A Docker registry stores Docker images. Docker Hub is a public registry that anyone can use, and Docker is configured to look for images on Docker Hub by default. You can even run your own private registry. If you use Docker Datacenter (DDC), it includes Docker Trusted Registry (DTR). When you use the docker pull or docker run commands, the required images are pulled from your configured registry. When you use the docker push command, your image is pushed to your configured registry.

container

A container is a runtime instance of an image--what the image becomes in memory when executed (that is, an image with state, or a user process).

docker-compose.yml

A docker-compose.yml file is a YAML file that defines how Docker containers should behave in production.

stack

A stack is a group of interrelated services that share dependencies, and can be orchestrated and scaled together. A single stack is capable of defining and coordinating the functionality of an entire application (though very complex applications may want to use multiple stacks).

swarm

A swarm is a group of machines that are running Docker and joined into a cluster. After that has happened, you continue to run the Docker commands you're used to, but now they are executed on a cluster by a swarm manager. The machines in a swarm can be physical or virtual. After joining a swarm, they are referred to as nodes. Swarm managers can use several strategies to run containers, such as "emptiest node" -- which fills the least utilized machines with containers. Or "global", which ensures that each machine gets exactly one instance of the specified container. You instruct the swarm manager to use these strategies in the Compose file, just like the one you have already been using. Swarm managers are the only machines in a swarm that can execute your commands, or authorize other machines to join the swarm as workers. Workers are just there to provide capacity and do not have the authority to tell any other machine what it can and cannot do. Up until now, you have been using Docker in a single-host mode on your local machine. But Docker also can be switched into swarm mode, and that's what enables the use of swarms. Enabling swarm mode instantly makes the current machine a swarm manager. From then on, Docker runs the commands you execute on the swarm you're managing, rather than just on the current machine.

Ports 2377

Always run docker swarm init and docker swarm join with port 2377 (the swarm management port), or no port at all and let it take the default.

image

An image is an executable package that includes everything needed to run an application--the code, a runtime, libraries, environment variables, and configuration files.

docker swarm init

Before we can use the docker stack deploy command we first run this command to enable swarm mode and make your current machine a swarm manager

Container format

Docker Engine combines the namespaces, control groups, and UnionFS into a wrapper called a container format. The default container format is libcontainer. In the future, Docker may support other container formats by integrating with technologies such as BSD Jails or Solaris Zones.

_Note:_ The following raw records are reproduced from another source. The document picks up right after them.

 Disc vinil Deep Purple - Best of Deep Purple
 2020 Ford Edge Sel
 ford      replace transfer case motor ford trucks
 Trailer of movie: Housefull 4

What can I use Docker for? Running more workloads on the same hardware

Docker is lightweight and fast. It provides a viable, cost-effective alternative to hypervisor-based virtual machines, so you can use more of your compute capacity to achieve your business goals. Docker is perfect for high density environments and for small and medium deployments where you need to do more with fewer resources.

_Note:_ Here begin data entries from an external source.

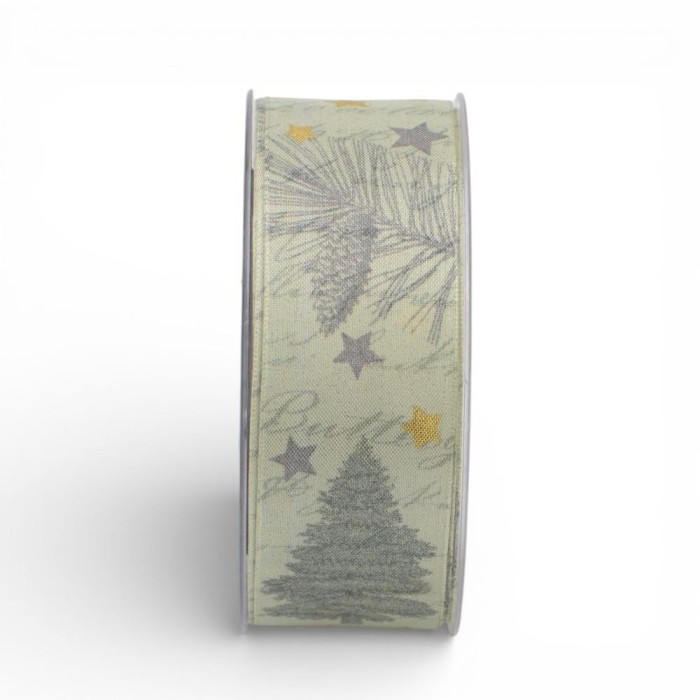 NASTRO WINTERLUST 40MMX20MT LT GREEN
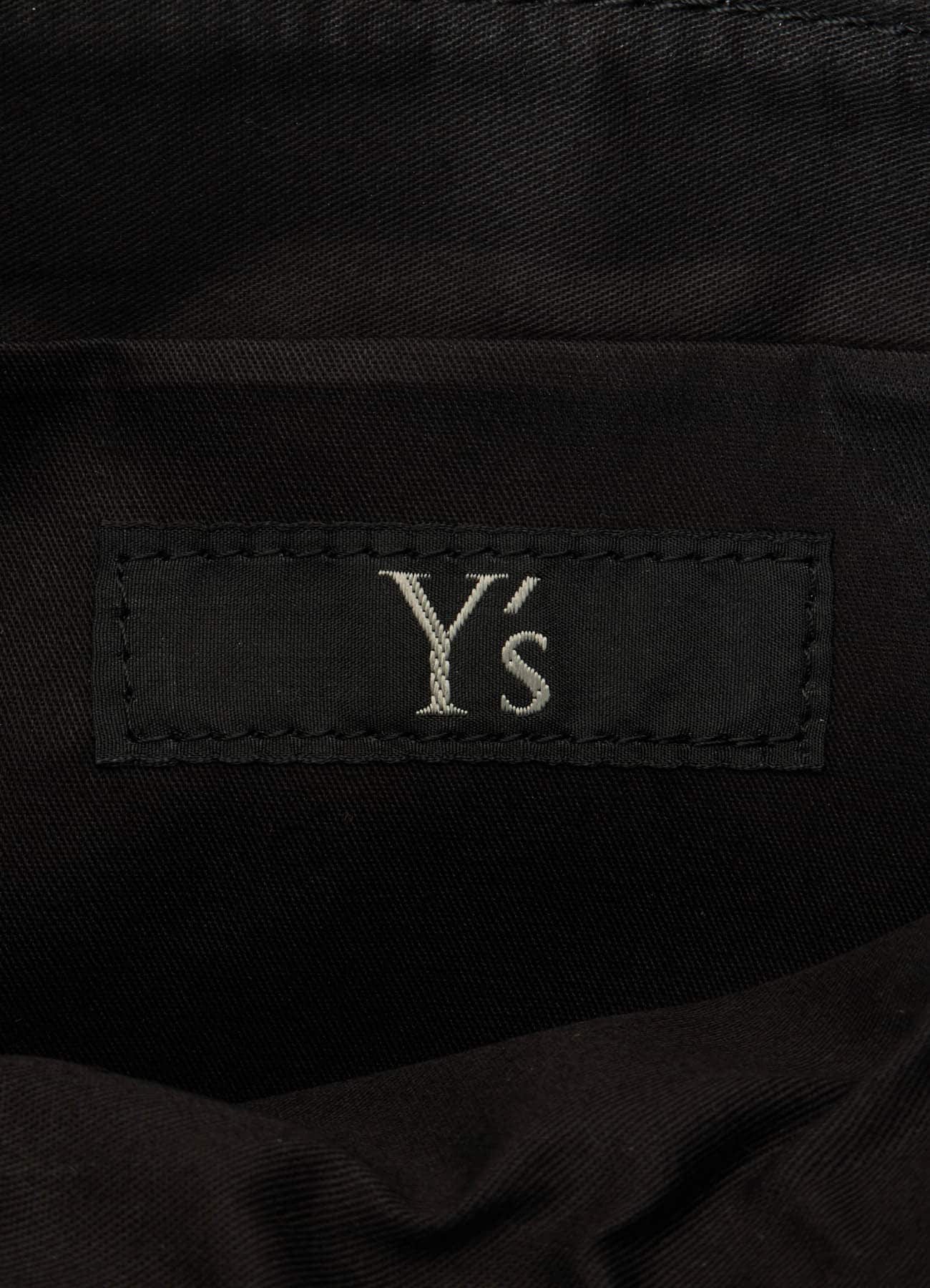 VINTAGE NYLON ZIP MINI SHOULDER BAG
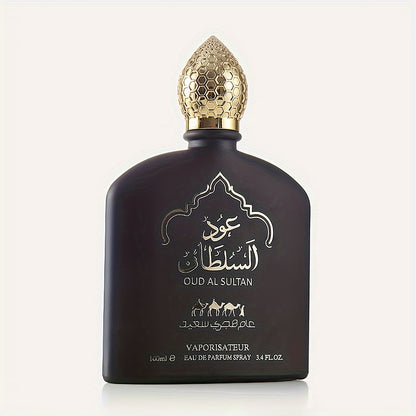 100ml Phthalate-Free Eau De Parfum for Women - Refreshing Long-Lasting Floral & Fruity Scent with Vanilla Notes - Perfect for Dating, Daily Life, and as a Christmas Gift or Eid Present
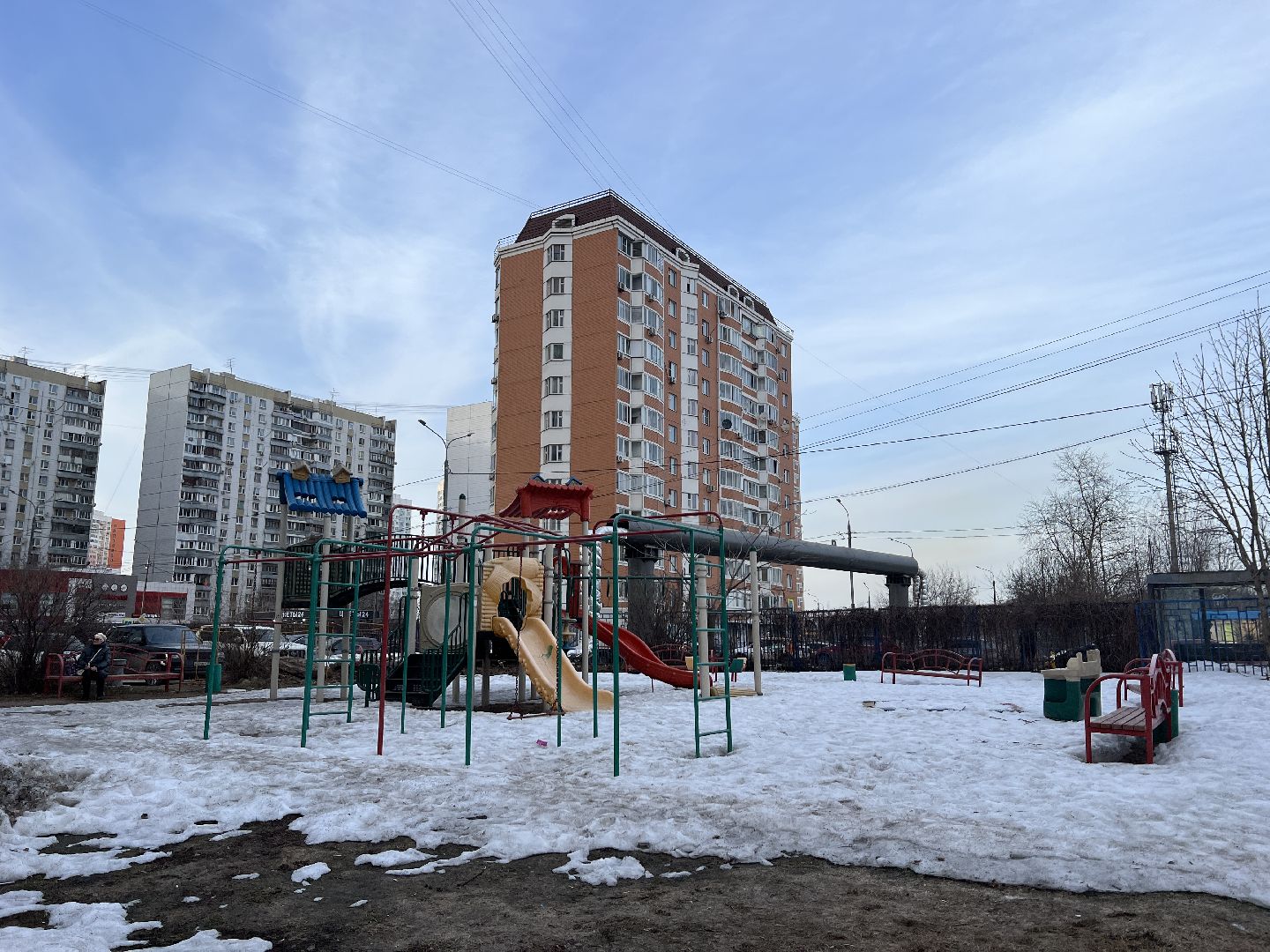 химки, выездная администрация, благоустройство,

What can I use Docker for? Fast, consistent delivery of your applications

Docker streamlines the development lifecycle by allowing developers to work in standardized environments using local containers which provide your applications and services. Containers are great for continuous integration and continuous delivery (CI/CD) workflows. Consider the following example scenario: Your developers write code locally and share their work with their colleagues using Docker containers. They use Docker to push their applications into a test environment and execute automated and manual tests. When developers find bugs, they can fix them in the development environment and redeploy them to the test environment for testing and validation. When testing is complete, getting the fix to the customer is as simple as pushing the updated image to the production environment.

Namespaces

Docker uses a technology called namespaces to provide the isolated workspace called the container. When you run a container, Docker creates a set of namespaces for that container. These namespaces provide a layer of isolation. Each aspect of a container runs in a separate namespace and its access is limited to that namespace. Docker Engine uses namespaces such as the following on Linux: The pid namespace: Process isolation (PID: Process ID). The net namespace: Managing network interfaces (NET: Networking). The ipc namespace: Managing access to IPC resources (IPC: InterProcess Communication). The mnt namespace: Managing filesystem mount points (MNT: Mount). The uts namespace: Isolating kernel and version identifiers. (UTS: Unix Timesharing System).

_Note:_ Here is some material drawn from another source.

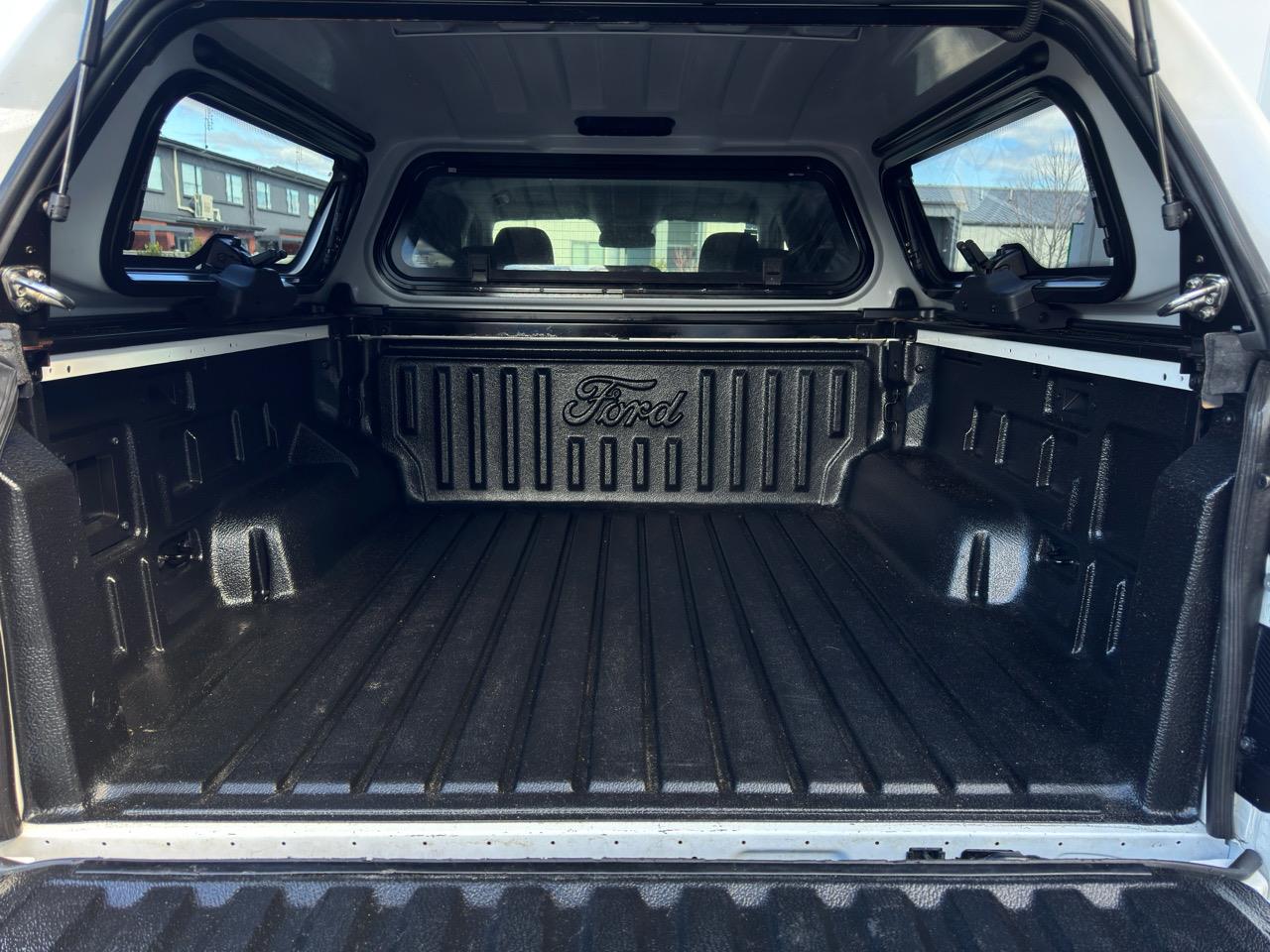 2022 Ford Ranger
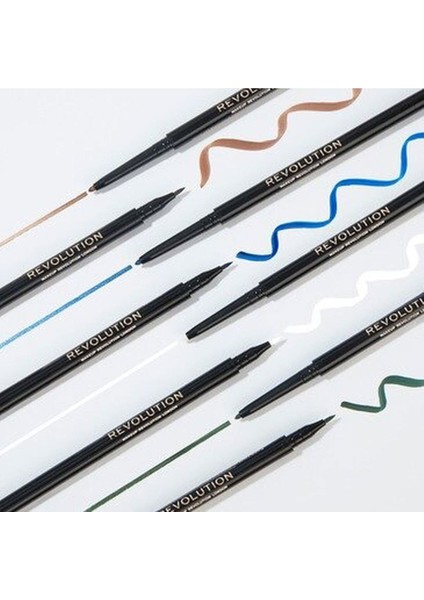 Felt And Kohl Eyeliner Mavi 1 Adet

What can I use Docker for? Responsive deployment and scaling

Docker's container-based platform allows for highly portable workloads. Docker containers can run on a developer's local laptop, on physical or virtual machines in a data center, on cloud providers, or in a mixture of environments. Docker's portability and lightweight nature also make it easy to dynamically manage workloads, scaling up or tearing down applications and services as business needs dictate, in near real time.

Dockerfile

Dockerfile defines what goes on in the environment inside your container. Access to resources like networking interfaces and disk drives is virtualized inside this environment, which is isolated from the rest of your system, so you need to map ports to the outside world, and be specific about what files you want to "copy in" to that environment. However, after doing that, you can expect that the build of your app defined in this Dockerfile behaves exactly the same wherever it runs.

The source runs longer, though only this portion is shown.